Mrs. May confirmed on Friday that the UK was pulling out of the project.
Science minister Sam Gyimah said it was a clarion call and that any deal with Brussels would be EU first. The UK's interests will be repeatedly and permanently hammered by the EU27 for many years to come, he added in a Facebook post setting out his reasons for resigning. He also said he would be voting against Mrs. May's deal.
Former Tory cabinet minister and campaigner for the People's Vote, Justine Greening, said Mr. Gyimah was a highly respected and capable minister and praised him for not ruling out a second vote.
And the Lib Dem's education spokeswoman, Layla Moran, said Mr Gyimah's exit showed the government was falling apart, and that he had seen at close quarters the devastating effect this botched Brexit will have on these important sectors.

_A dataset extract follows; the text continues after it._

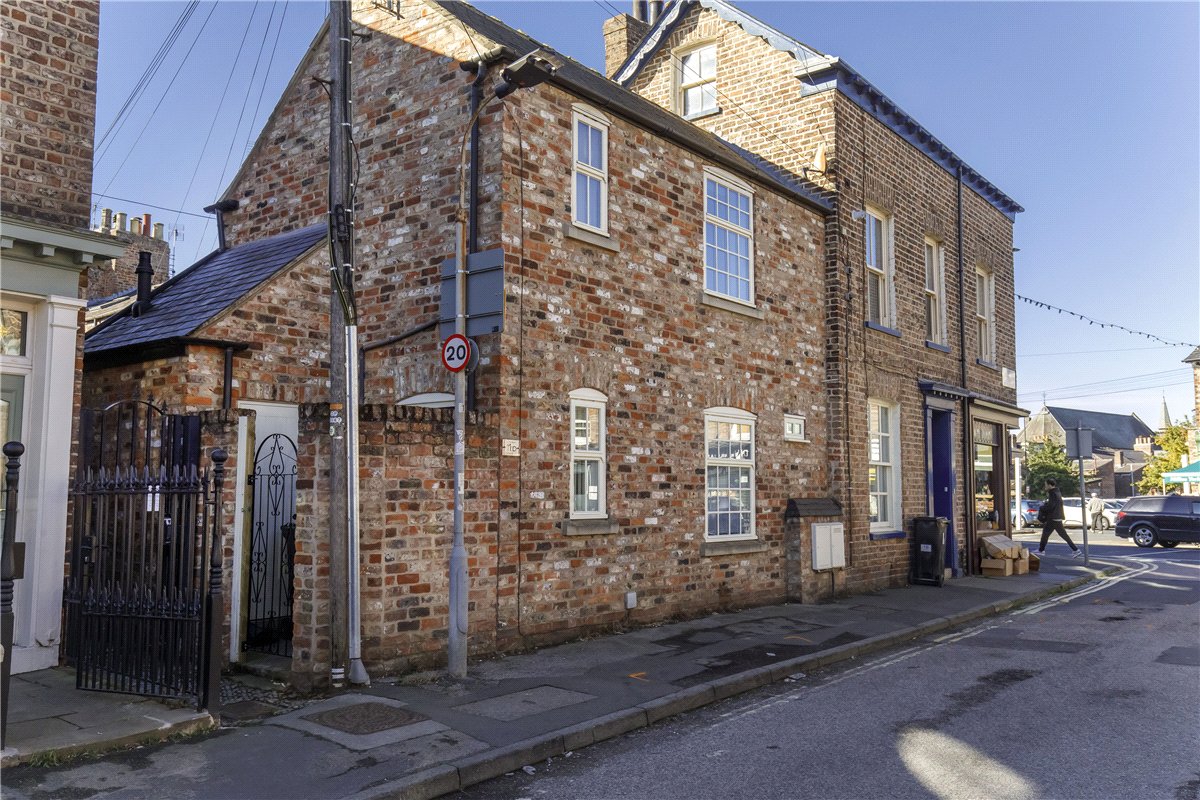 1 bedroom House, Vine Street, York, YO23 - Available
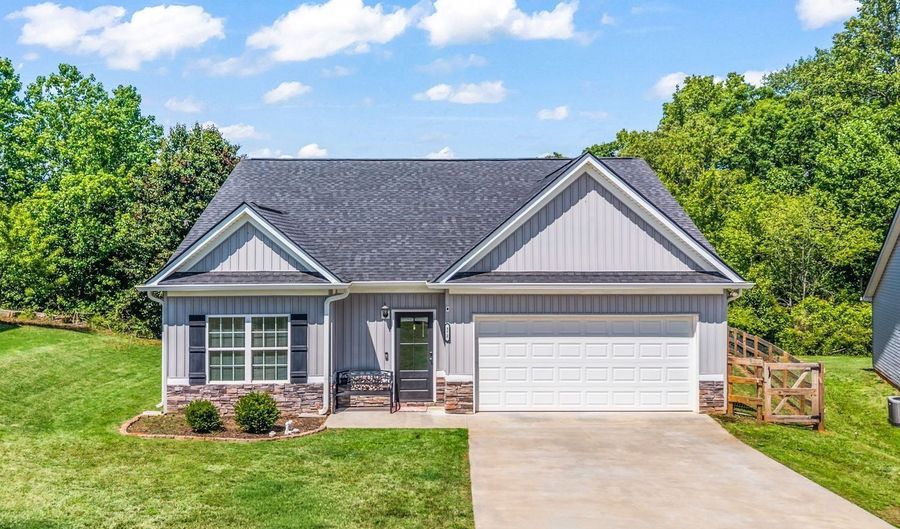 372 Highland Pointe Dr, Alto, GA 30510 - 3 Beds, 2 Bath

Galileo is the EU's upcoming version of the US's GPS, which is used by millions of people around the world. The UK invested €1.4bn into the project and has estimated returns to UK industry of €1.15bn.
But when the BBC asked if any more of the money would be given back, a government spokesman said the project was part of the withdrawal agreement and the UK had reached a fair financial settlement with the EU.
Mrs. May said the British army - which had been planning to use Galileo along with the US GPS - will no longer use it.
The UK will instead explore options to build its own satellite-navigation system. The government has already set aside £92m to look at how it can be done.
I cannot let our armed services depend on a system we cannot be sure of, Mrs. May said. That would not be in our national interest. And as a global player with world-class engineers and steadfast allies around the world we are not short of options.
Many people's sat-navs and mobile location services currently run on a US military-based system called GPS - global positioning system - which uses satellites to pinpoint our locations. China and Russia also have satellite-navigation positioning systems.
In 1999, the European Union embarked on a plan to put together its own network of satellites, called Galileo, so it was not reliant on the US, Russian and Chinese systems.
The first satellites were put into orbit in 2013 and it is planned to be fully operational in 2020 with 30 satellites orbiting earth. The technology will be used by EU governments, citizens, military and industry.
All EU member states will be allowed access to it - including the public regulated service (PRS) part of Galileo, which is the secret inner workings and is due to be completed in the mid-2020s.
This can only be used by government-authorized users like police and only during emergencies or crisis situations. While GPS is accurate to within about 20 meters, Galileo is designed to improve that, to around one meter.